◆ **SUPPLIED INFORMATION**
****************

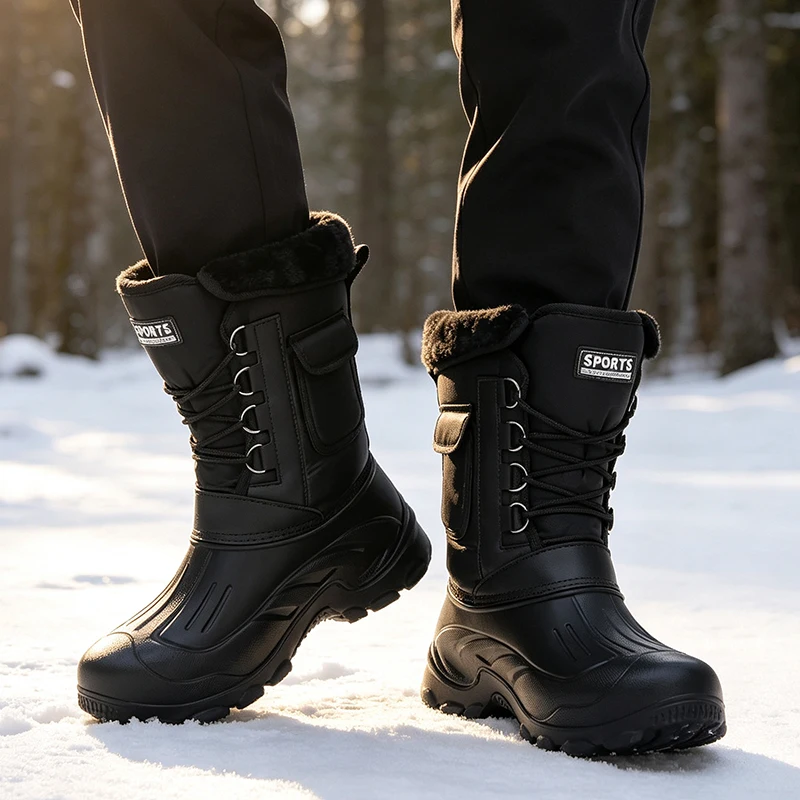 รองเท้าบูทหิมะสำหรับผู้ชาย รอง - Fishing Boots บทวิจารณ์และราคา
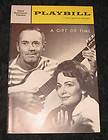 Playbill A GIFT OF TIME signed by Henry Fonda, Marion Seldes, Guy 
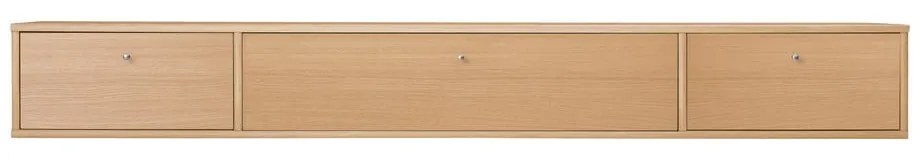 Szafka pod TV w dekorze dębu 176x22 cm Mistral – Hammel Furniture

****************

◆ **TO DO**
Give back the material above word for word; no picture belongs in it.

◆ **WRITTEN RESPONSE**
 รองเท้าบูทหิมะสำหรับผู้ชาย รอง - Fishing Boots บทวิจารณ์และราคา
 Playbill A GIFT OF TIME signed by Henry Fonda, Marion Seldes, Guy 
 Szafka pod TV w dekorze dębu 176x22 cm Mistral – Hammel Furniture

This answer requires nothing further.